• HOW TO COMPLETE THIS TASK: No pictures should be carried over. Output all other parts of the entries verbatim.

• RECORDED DATA:
::::
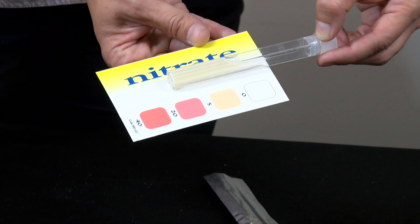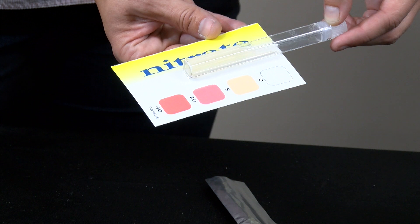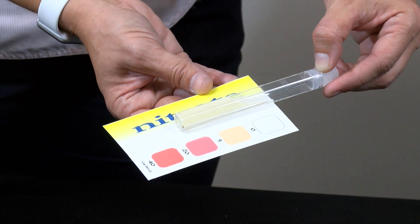Take it out of the sleeve, then compare that sample with the nitrate color card. In this instance our color is not completely white — it is sort of in between — so our sample is probably around five parts per million.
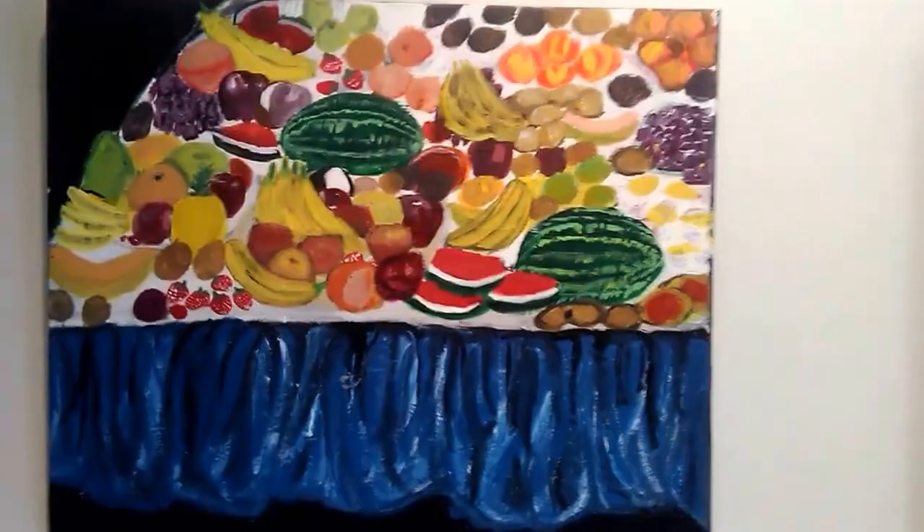Some paintings. Painting one. Advanced studio, where the students do their own projects.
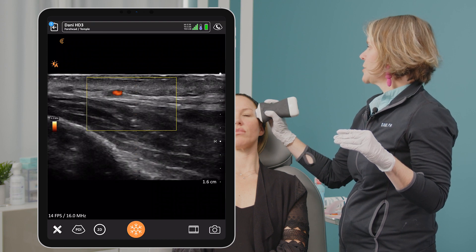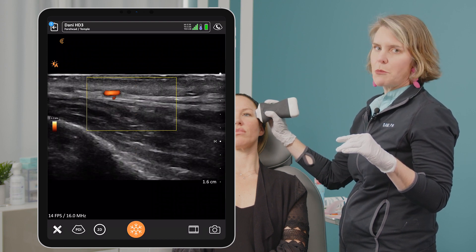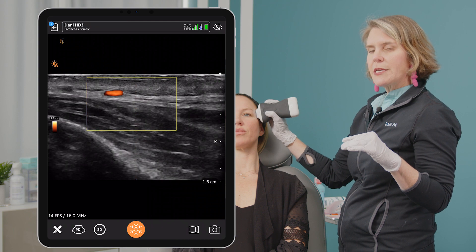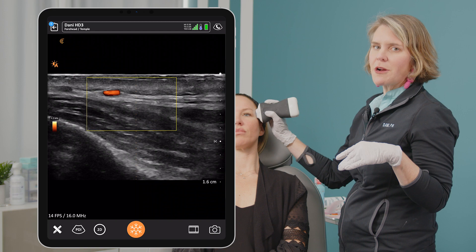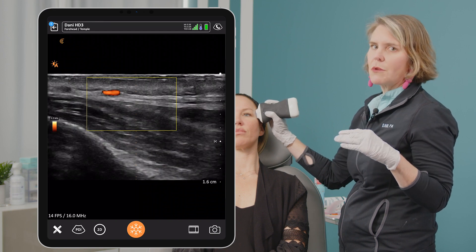I'm showing you on the screen — we're in Doppler mode. Remember when we're using a cannula we like to be on B-mode, because we don't want to see all that reverberation artifact when we put a cannula in on Doppler.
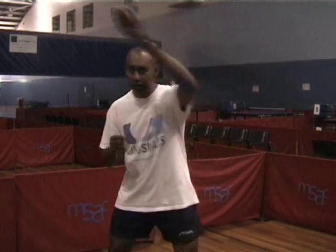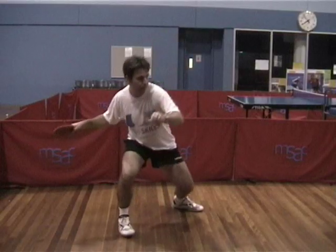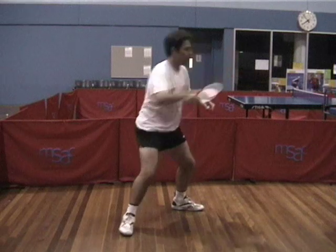The technique for topspin against topspin is very similar to all our other forehand techniques. You're starting down, finishing up above your eye level. A couple of differences. Firstly, because you tend to be a little bit further back from the table, you can have a longer swing at the ball. The second thing is that because they have already put the topspin on the ball, you don't really need to lift the ball up. It's more a matter of getting the ball forward and generating some topspin on the ball as well. You can see here Jeff's starting a little bit higher and coming more forward with his stroke.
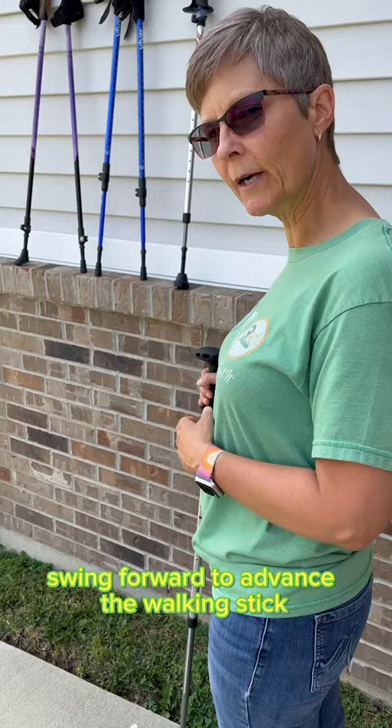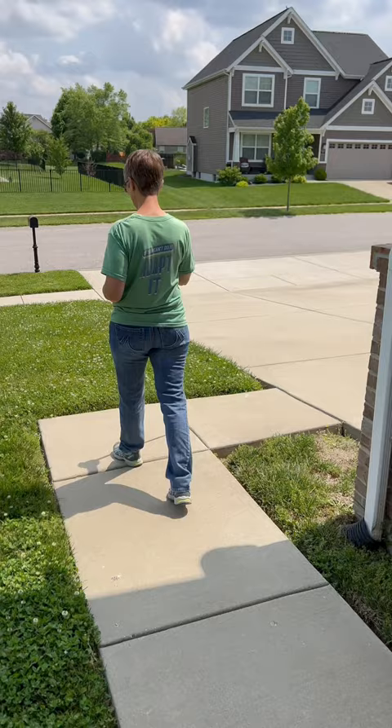So you're going to step and advance just like this. And that's how you use a walking stick in place of a cane.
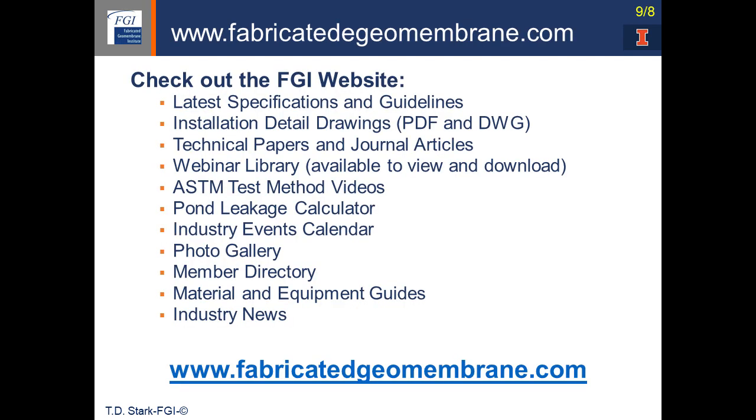If you have an interest in geosynthetics and geomembranes, please visit the Fabricated Geomembrane Institute website. There is a lot of useful information including specifications, guidelines, installation details, technical papers and journal articles, a library of webinars, ASTM test method videos for both field and laboratory tests, a photo gallery, and a lot of other useful information for the geosynthetics industry. The address is fabricatedgeomembrane.com.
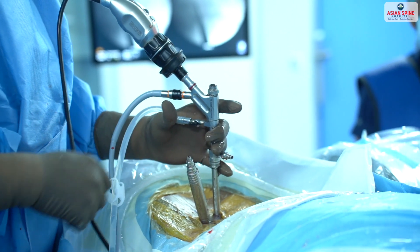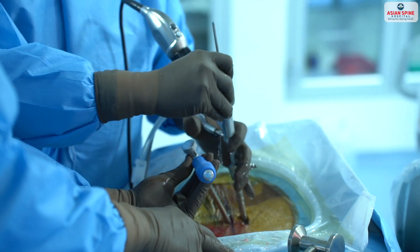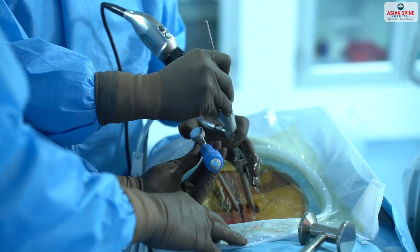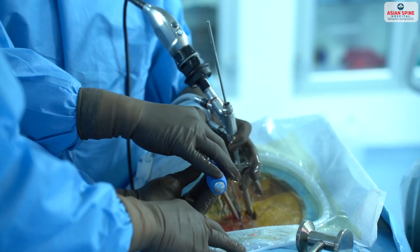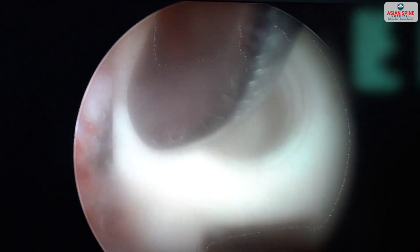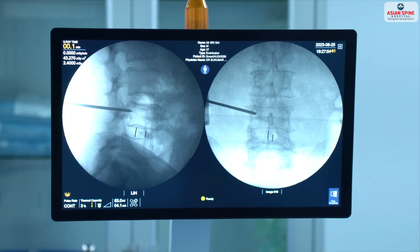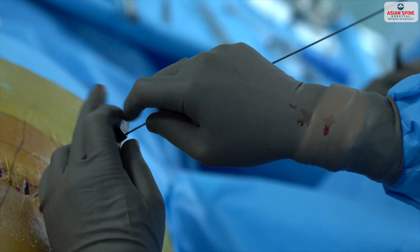Serial dilators are placed to have an advantage when placing the cage — they dilate the muscles so the cage goes inside very easily. Once the dilators are in place, I take a dissector, viewing the thecal sac with my scope, retract the nerve root, and place the cage through the dilated corridor.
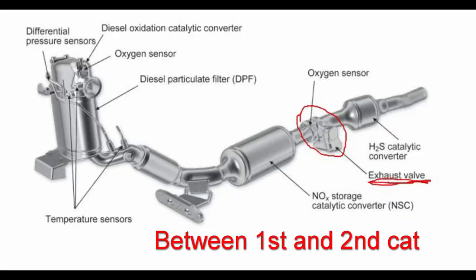Hey everyone, Josh here. Doing a quick video on the exhaust pressure control valve — the exhaust flap — on the CJA TDI. This should be applicable to any of the 2009 to 2014s, possibly the 2015s as well. There's a little exhaust flap between the second cat and the third cat, and it gets sticky.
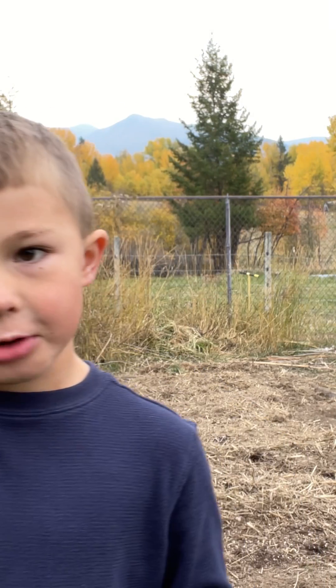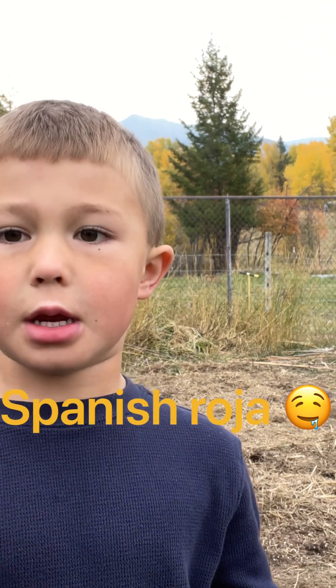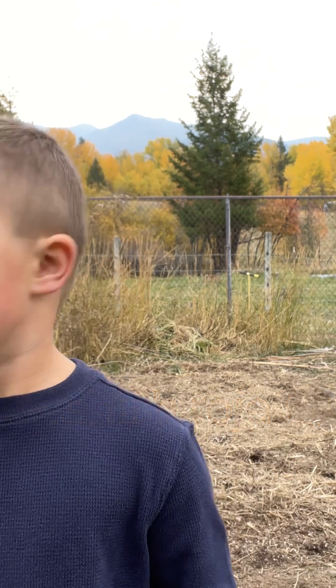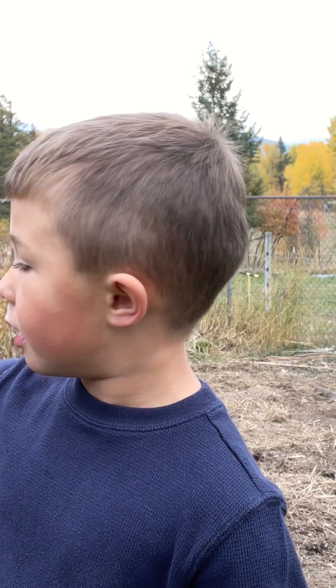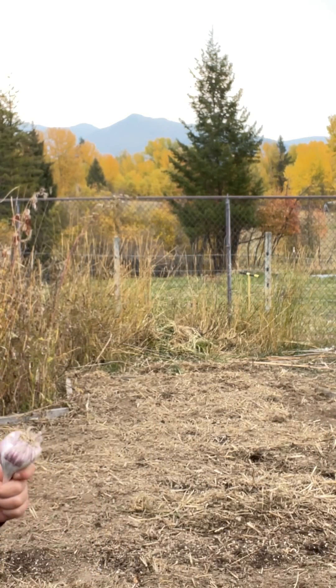Today we're gonna grow some garlic. This one's a spicy one, this one's not, but we have a garlic over there.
::::
• COMPLETED EXERCISE:
Take it out of the sleeve, then compare that sample with the nitrate color card. In this instance our color is not completely white — it is sort of in between — so our sample is probably around five parts per million.
Some paintings. Painting one. Advanced studio, where the students do their own projects.
I'm showing you on the screen — we're in Doppler mode. Remember when we're using a cannula we like to be on B-mode, because we don't want to see all that reverberation artifact when we put a cannula in on Doppler.
The technique for topspin against topspin is very similar to all our other forehand techniques. You're starting down, finishing up above your eye level. A couple of differences. Firstly, because you tend to be a little bit further back from the table, you can have a longer swing at the ball. The second thing is that because they have already put the topspin on the ball, you don't really need to lift the ball up. It's more a matter of getting the ball forward and generating some topspin on the ball as well. You can see here Jeff's starting a little bit higher and coming more forward with his stroke.
So you're going to step and advance just like this. And that's how you use a walking stick in place of a cane.
If you have an interest in geosynthetics and geomembranes, please visit the Fabricated Geomembrane Institute website. There is a lot of useful information including specifications, guidelines, installation details, technical papers and journal articles, a library of webinars, ASTM test method videos for both field and laboratory tests, a photo gallery, and a lot of other useful information for the geosynthetics industry. The address is fabricatedgeomembrane.com.
Serial dilators are placed to have an advantage when placing the cage — they dilate the muscles so the cage goes inside very easily. Once the dilators are in place, I take a dissector, viewing the thecal sac with my scope, retract the nerve root, and place the cage through the dilated corridor.
Hey everyone, Josh here. Doing a quick video on the exhaust pressure control valve — the exhaust flap — on the CJA TDI. This should be applicable to any of the 2009 to 2014s, possibly the 2015s as well. There's a little exhaust flap between the second cat and the third cat, and it gets sticky.
Today we're gonna grow some garlic. This one's a spicy one, this one's not, but we have a garlic over there.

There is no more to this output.